To put it into perspective.
Number of potential private keys in 256 bit keyspace: 1.15792E+77
Number of atoms in our entire galaxy: 1.25E+69

It would take ~90 million (average sized :) ) galaxies to have as many atoms as there are keys in a 256 bit keyspace.

PS:
Technically my math above was off because I forgot that due to RIPEMD-160 hash there are potentially 7x10^28 private keys for each public address so the problem is 10^28 times "easier" but still computationally infeasible without a cryptographic flaw.

Jebus that is complex. So if I understand correctly, the first seven steps (not including step 2) are like this: SHA256(SHA256(0x00 + RIPEMD160(SHA256(nonce))))
Yay? Nay?

Yes except to say it is SHA256 of the nonce would confuse someone who didn't already know what you were trying to say.

More accurately it is (steps 3 to 7)
SHA256(SHA256(0x00 + RIPEMD160(SHA256(public key))))


Put all together:
base address = 0x00 + RIPEMD160(SHA256(public key))))
checksum = left 4 bytes (SHA256(SHA256(base address)))
full address = (base address) + (checksum)     <- don't add just append

Makes more sense. Thank you.

Yes, sorry.  Address keypairs are created by ECDSA, while the hashing is done by SHA256.  The bruteforcing would have to be done by ECDSA hardware to create any address collision.  Basicly a huge rainbow table would have to be built and the list of lost addresses would be compared against it.

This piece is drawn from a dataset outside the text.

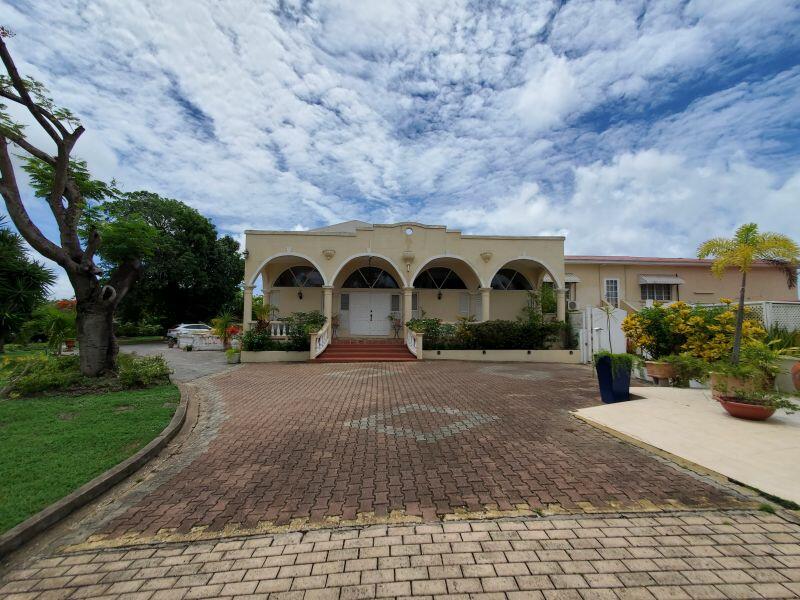 5 bedroom house for sale in Gibbons, Christchurch, Barbados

I don't doubt that the bruteforcing of addresses, as they presently exist, would require a truely astronomical computational ability, and is certainly safe for decades.  That was the point of the design, after all.  However, I think that it's also a bit silly to assume that such astronomical computational abilities will remain out of reach for humanity forever.  The only cryptographic algo that is provablely secure from brute force forever is the simple Vernon Cypher, which has no applications here.

Is that known by another name? Searching Google and Wikipedia for "vernon cypher" didn't return useful results.

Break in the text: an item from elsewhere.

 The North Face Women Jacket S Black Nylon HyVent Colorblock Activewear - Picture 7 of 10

You might have better luck with 'Vernam cipher'.

It is a one time pad.  It requires one bit of key for each bit of message, and no key bits are related so all potential decodes are equally likely.  Just make sure that the key bits really are unrelated.  That is, you must a have a real source of randomness like a geiger counter, not just pseudorandomness, otherwise the PRNG seed is the real key.

Thanks. I have heard of the one-time pad, and understand why it's uncrackable (and why it's rarely used.)

Didn't remember the name of the man (Vernam, thanks Epoch) who co-developed it.

Is the system designed so that the total amount of BTC in circulation does not exceed 21m or it will always be below that figure?
From what I've read 21m is an asymptote meaning total BTC will always be nearing this number but never reaching.

I must admit I do not know if it will be 21M on the dot, or some fractional number around it.  But does it really matter if it's 21M, or 20.999M?

The exact number, assuming we don't extend the unit size beyond 1E-8, will be 20,999,999.9769.

The subsidy shifts out of a 64 bit integer.  If we change to a 128 bit representation, there will be a miniscule extra amount.

I like the idea of going with the metric system for naming smaller amounts of BTC.